(Dataset records)
* * *
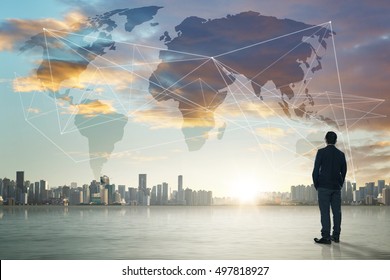 International business concept with businessman on city skyline background with network on map and sunlight - Shutterstock ID 497818927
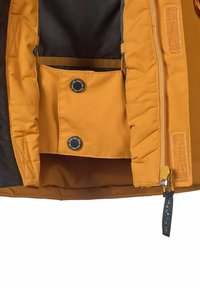 Isolerad jackas insida i klart orange, med en zip-ficka och knappstängning, samt en svart tygutsida och gula detaljer.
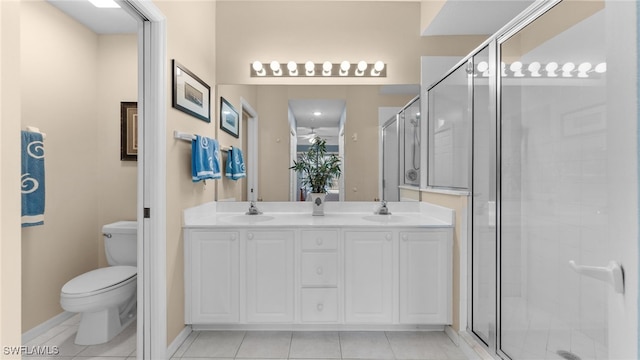 bathroom with tile patterned flooring, vanity, toilet, and a shower with shower door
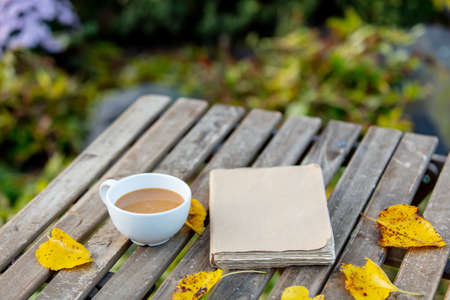Cup of coffee and a book on wooden table in gardenの写真素材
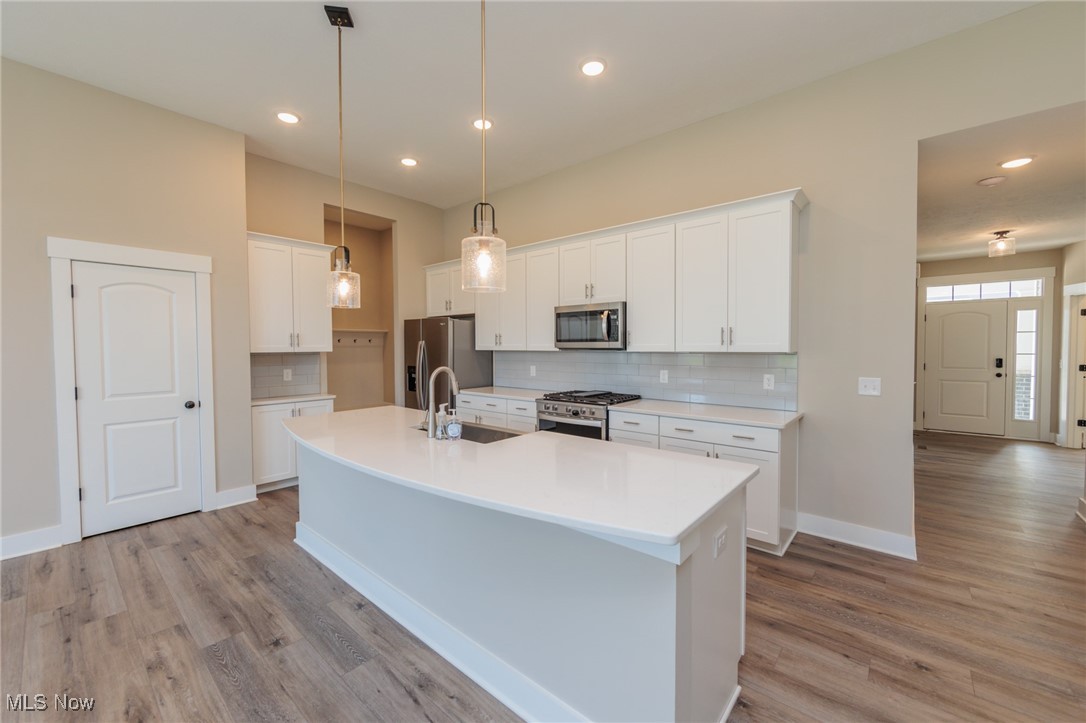 36458 Appian Way North Ridgeville, OH 44039 - Photo 15 of 37 Kitchen with light hardwood / wood-style flooring, decorative light fixtures, stainless steel appliances, white cabinetry, and a center island with sink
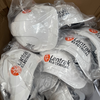 A pile of white hard hats wrapped in clear plastic inside a cardboard box. Several hats show the printed logo 'Lentrak Electrical' in black with an orange circular emblem.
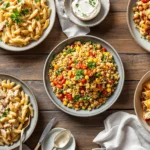 Elegant spread of rotisserie chicken dishes including creamy pasta, grain bowl, and enchiladas arranged on rustic wooden table with fresh herbs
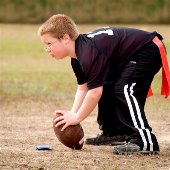 kid playing flag football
* * *
- PROBLEM STATEMENT
Skipping the pictures, output the entries exactly as they appear above.

- RESULT FOR THIS EXERCISE
 International business concept with businessman on city skyline background with network on map and sunlight - Shutterstock ID 497818927
 Isolerad jackas insida i klart orange, med en zip-ficka och knappstängning, samt en svart tygutsida och gula detaljer.
 bathroom with tile patterned flooring, vanity, toilet, and a shower with shower door
Cup of coffee and a book on wooden table in gardenの写真素材
 36458 Appian Way North Ridgeville, OH 44039 - Photo 15 of 37 Kitchen with light hardwood / wood-style flooring, decorative light fixtures, stainless steel appliances, white cabinetry, and a center island with sink
 A pile of white hard hats wrapped in clear plastic inside a cardboard box. Several hats show the printed logo 'Lentrak Electrical' in black with an orange circular emblem.
 Elegant spread of rotisserie chicken dishes including creamy pasta, grain bowl, and enchiladas arranged on rustic wooden table with fresh herbs
 kid playing flag football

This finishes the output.